EXERCISE DIRECTIONS | Among the entries below, find the lines that hold the word "Interior" and report them.

SUPPLIED DATA |
************

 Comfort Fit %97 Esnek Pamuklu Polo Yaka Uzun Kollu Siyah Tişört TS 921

************

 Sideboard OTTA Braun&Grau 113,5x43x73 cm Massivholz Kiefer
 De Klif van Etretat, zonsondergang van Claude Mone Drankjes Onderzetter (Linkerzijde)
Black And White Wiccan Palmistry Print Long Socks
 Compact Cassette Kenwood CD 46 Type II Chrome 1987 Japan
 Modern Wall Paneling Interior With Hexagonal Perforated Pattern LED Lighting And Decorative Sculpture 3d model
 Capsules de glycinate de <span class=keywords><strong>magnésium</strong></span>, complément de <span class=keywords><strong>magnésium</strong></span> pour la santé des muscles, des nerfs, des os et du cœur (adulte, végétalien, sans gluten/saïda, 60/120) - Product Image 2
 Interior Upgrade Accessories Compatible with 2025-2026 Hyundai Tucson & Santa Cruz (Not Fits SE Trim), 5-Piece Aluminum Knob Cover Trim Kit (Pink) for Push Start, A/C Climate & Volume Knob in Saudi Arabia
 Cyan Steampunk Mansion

************

ANSWER BELOW |
 Modern Wall Paneling Interior With Hexagonal Perforated Pattern LED Lighting And Decorative Sculpture 3d model
 Interior Upgrade Accessories Compatible with 2025-2026 Hyundai Tucson & Santa Cruz (Not Fits SE Trim), 5-Piece Aluminum Knob Cover Trim Kit (Pink) for Push Start, A/C Climate & Volume Knob in Saudi Arabia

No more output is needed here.